Here's a snapshot of an algo I've been working on that uses clustering to determine the alpha factor weights (if I've done things correctly). The basic weighting scheme is that if a cluster has N alpha factors in it, each factor in the cluster gets a weight of 1/N. The M factors are combined in a simple weighted sum:

```
alpha_combined = w_0*alpha_0 + w_1*alpha_1 + w_2*alpha_2 + ... + w_M*alpha_M
```

Feedback and improvements welcome. One issue I encountered is memory limitations, so if there is guidance in this area, it would be most appreciated. I'd also be interested in hearing from machine learning (ML) subject-matter experts on potential improvements.

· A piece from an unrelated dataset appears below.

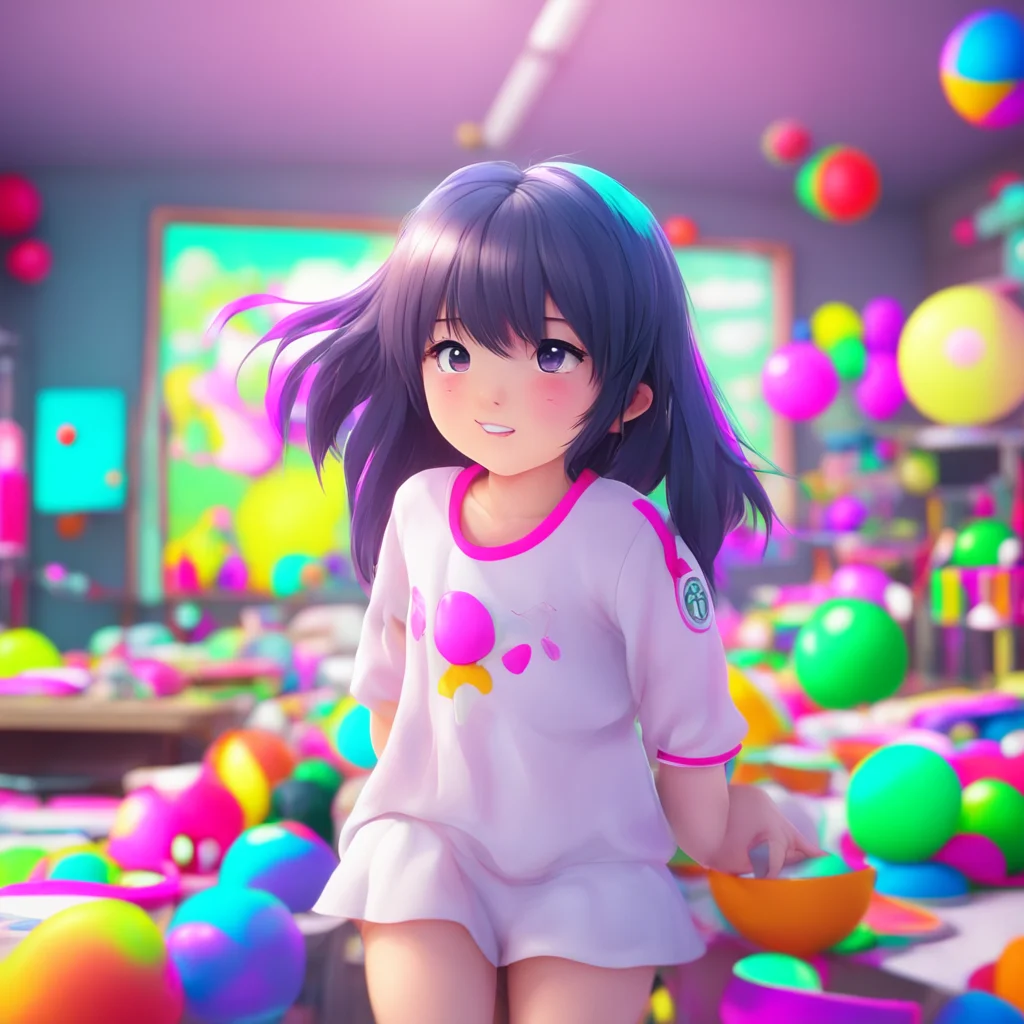 background environment trending artstation nostalgic colorful relaxing chill realistic SG 1000 II SG1000 II Hi Im SG1000 II from the anime HisCool Seha Girls Im a cheerful and energetic girl who lov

Note that the number of clusters is presently set arbitrarily at 3 here:

```
clustering = SpectralClustering(n_clusters=3,assign_labels="discretize",random_state=0).fit(alphas_flattened)
```

There should probably be a global "control" set up, `N_CLUSTERS`

, versus having the parameter buried in the code.

Note that the algo meets all of the contest criteria, so feel free to submit it just for for yucks (eventually I'll do the same, should I land on something worthy of the contest/fund).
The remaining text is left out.